Take the lines from the one with "Modernist Upholstered Ottoman" to the end of the listing, both ends included, and quote them exactly, leaving pictures out.

#####

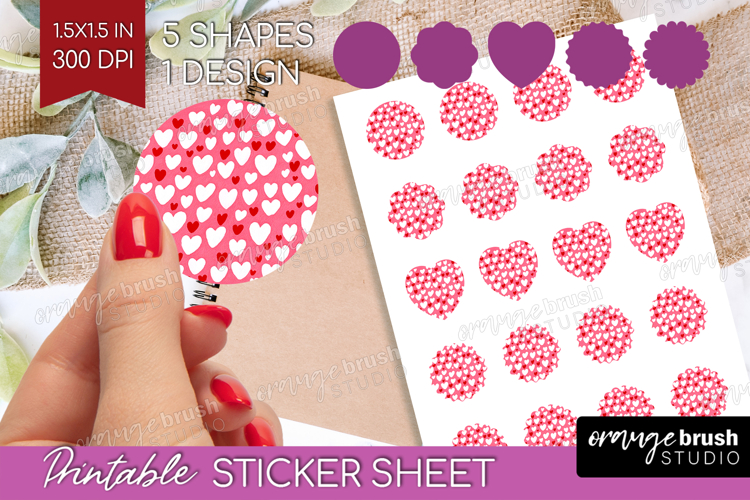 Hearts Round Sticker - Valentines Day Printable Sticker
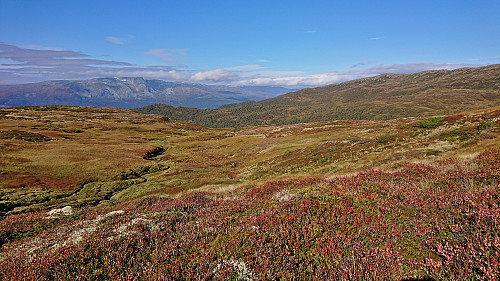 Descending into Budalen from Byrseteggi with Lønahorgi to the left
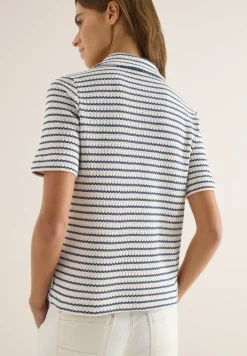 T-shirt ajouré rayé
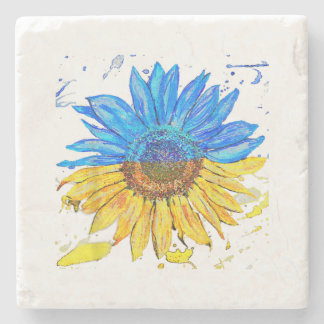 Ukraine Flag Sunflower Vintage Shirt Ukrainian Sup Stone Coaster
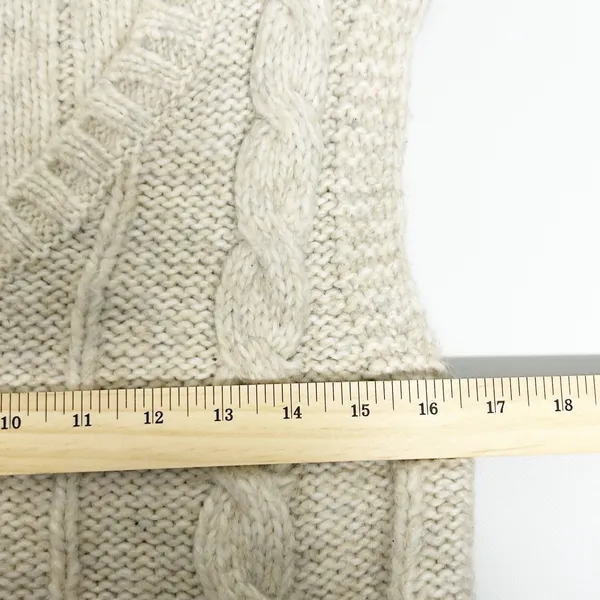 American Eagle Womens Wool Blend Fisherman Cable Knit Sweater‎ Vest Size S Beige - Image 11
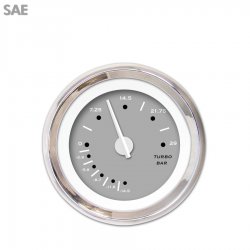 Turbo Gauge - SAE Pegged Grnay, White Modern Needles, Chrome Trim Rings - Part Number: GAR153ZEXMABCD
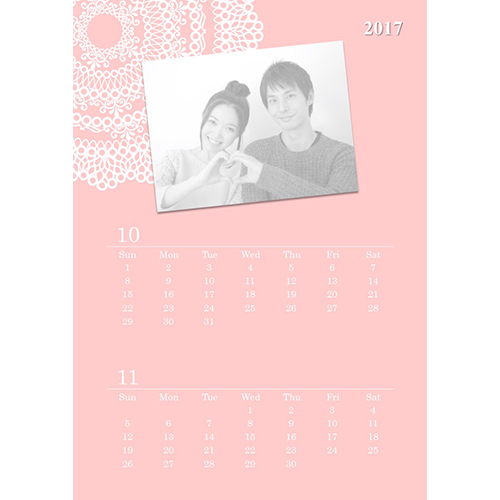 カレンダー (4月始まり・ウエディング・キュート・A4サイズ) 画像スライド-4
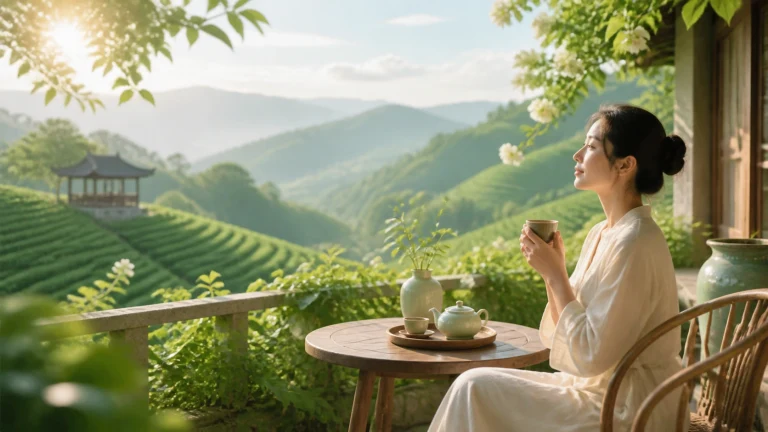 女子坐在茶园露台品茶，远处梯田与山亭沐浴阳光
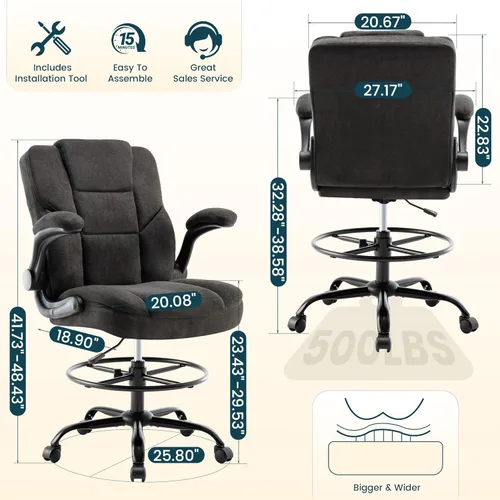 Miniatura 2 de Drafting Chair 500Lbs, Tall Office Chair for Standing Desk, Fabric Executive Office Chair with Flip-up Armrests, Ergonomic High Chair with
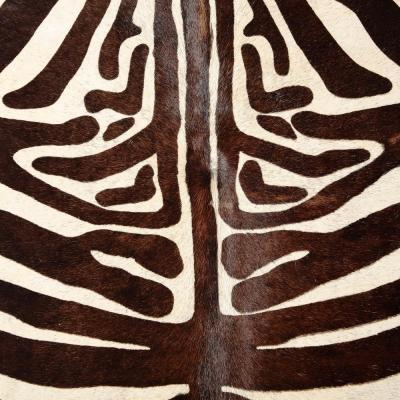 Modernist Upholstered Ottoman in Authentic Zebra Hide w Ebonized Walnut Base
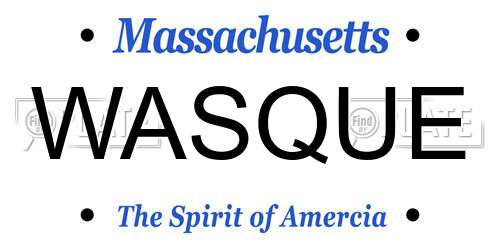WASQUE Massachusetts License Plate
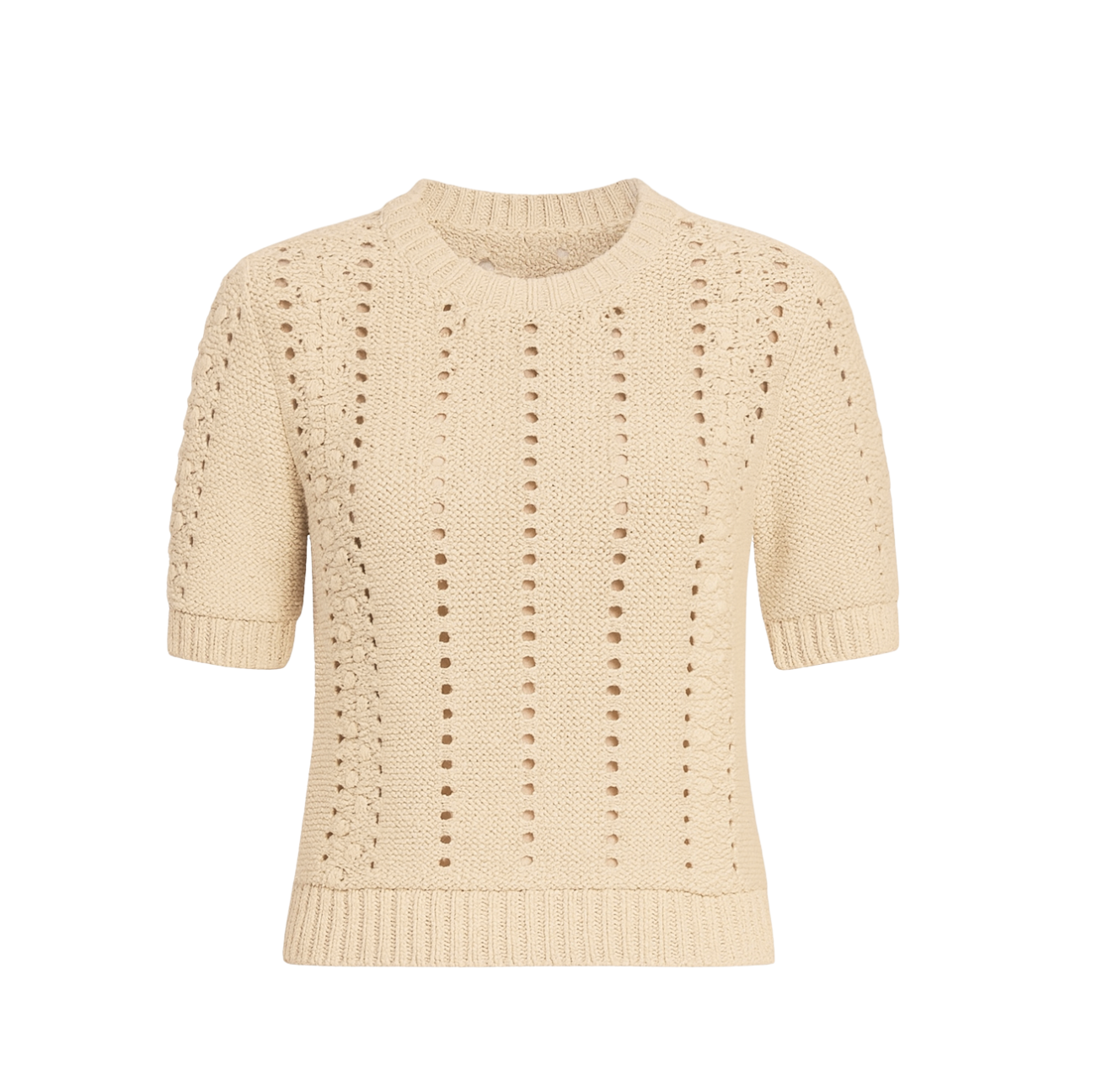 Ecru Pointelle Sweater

#####

YOUR RESPONSE —
 Modernist Upholstered Ottoman in Authentic Zebra Hide w Ebonized Walnut Base
WASQUE Massachusetts License Plate
 Ecru Pointelle Sweater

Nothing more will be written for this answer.